Second generation: adding PMMA, shrinkage is reduced to 0.05%.
Third generation: adding PVAC, shrinkage is reduced to 0.03%.
Taking addition of PE resin to PP as an example, effect of different PE contents on shrinkage of PP is shown in Table 8.

 

Table 8 Effect of different PE contents on shrinkage of PP
It can be seen from Table 8 that effect of adding other resins on shrinkage is far less than that of fiber filling and inorganic fillers.

Elastomers that can be added include POE, EPDM, SBS, etc. Effects of various elastomers on shrinkage of plastics are similar. See Table 9 for details.

 

Table 9: Effects of Different Elastomer Contents on PP Shrinkage
Table 9 shows that when elastomer content is below 5%, effects of various elastomers on PP shrinkage are essentially same.

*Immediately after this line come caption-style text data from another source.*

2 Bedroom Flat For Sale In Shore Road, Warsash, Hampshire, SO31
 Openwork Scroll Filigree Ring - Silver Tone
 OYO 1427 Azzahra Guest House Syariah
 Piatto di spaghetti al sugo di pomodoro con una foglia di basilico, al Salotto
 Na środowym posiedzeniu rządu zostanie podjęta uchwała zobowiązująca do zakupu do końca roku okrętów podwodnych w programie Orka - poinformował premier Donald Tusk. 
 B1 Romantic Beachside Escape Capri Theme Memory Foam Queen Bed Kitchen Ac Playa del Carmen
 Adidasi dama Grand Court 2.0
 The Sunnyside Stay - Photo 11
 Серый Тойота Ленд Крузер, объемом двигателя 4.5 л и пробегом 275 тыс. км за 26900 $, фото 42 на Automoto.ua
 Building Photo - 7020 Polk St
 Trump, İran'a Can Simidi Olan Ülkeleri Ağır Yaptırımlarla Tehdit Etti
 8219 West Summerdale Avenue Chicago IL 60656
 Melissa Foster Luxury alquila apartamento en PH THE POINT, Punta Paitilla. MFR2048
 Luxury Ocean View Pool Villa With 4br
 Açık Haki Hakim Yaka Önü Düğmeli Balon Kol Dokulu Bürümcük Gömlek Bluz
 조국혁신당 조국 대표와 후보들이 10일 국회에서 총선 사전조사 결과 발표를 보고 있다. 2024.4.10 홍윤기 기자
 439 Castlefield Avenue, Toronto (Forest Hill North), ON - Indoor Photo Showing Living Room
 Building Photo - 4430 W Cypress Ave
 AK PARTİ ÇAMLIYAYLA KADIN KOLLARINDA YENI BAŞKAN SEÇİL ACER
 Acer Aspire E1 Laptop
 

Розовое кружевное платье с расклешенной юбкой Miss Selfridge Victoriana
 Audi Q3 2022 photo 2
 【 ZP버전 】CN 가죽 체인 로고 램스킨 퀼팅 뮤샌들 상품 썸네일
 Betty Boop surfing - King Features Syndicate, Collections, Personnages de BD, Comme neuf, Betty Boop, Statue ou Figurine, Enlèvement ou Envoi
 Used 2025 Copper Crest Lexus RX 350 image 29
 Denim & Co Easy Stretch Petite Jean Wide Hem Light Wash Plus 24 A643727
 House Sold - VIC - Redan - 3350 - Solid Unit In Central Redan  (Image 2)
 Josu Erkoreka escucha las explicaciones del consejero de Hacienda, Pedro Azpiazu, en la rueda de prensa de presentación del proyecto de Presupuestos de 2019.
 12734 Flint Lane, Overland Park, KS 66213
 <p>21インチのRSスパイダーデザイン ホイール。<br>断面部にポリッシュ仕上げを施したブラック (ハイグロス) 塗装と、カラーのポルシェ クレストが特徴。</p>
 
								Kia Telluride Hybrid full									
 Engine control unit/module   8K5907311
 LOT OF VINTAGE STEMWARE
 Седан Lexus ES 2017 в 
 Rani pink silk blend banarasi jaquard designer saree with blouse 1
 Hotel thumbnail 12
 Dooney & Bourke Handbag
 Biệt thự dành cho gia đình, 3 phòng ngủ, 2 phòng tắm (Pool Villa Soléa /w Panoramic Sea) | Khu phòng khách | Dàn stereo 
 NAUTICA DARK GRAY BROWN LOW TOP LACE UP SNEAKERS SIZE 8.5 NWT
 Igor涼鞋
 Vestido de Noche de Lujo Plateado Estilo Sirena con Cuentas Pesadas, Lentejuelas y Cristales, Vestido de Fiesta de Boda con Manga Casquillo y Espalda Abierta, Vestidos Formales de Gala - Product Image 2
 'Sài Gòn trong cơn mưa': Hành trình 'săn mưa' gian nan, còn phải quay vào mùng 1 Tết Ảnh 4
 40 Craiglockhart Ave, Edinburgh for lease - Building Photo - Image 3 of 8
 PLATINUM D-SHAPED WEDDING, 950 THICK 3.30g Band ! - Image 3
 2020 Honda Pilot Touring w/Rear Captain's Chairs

However, after elastomer content exceeds 5%, degree of influence of different elastomer types diverges. Order of influence on shrinkage is POE > EPDM > SBS, consistent with toughening effect of elastomers on PP.
Adding inorganic fillers to PP mixed with elastomers achieves a greater shrinkage reduction effect. Effects of different POE contents on PP shrinkage at a talc content of 20% are shown in Table 10.

 

Table 10: Effects of Different POE Contents on Shrinkage of 20% Talc-Filled PP

Grafting PP can reduce crystallinity, thereby reducing shrinkage.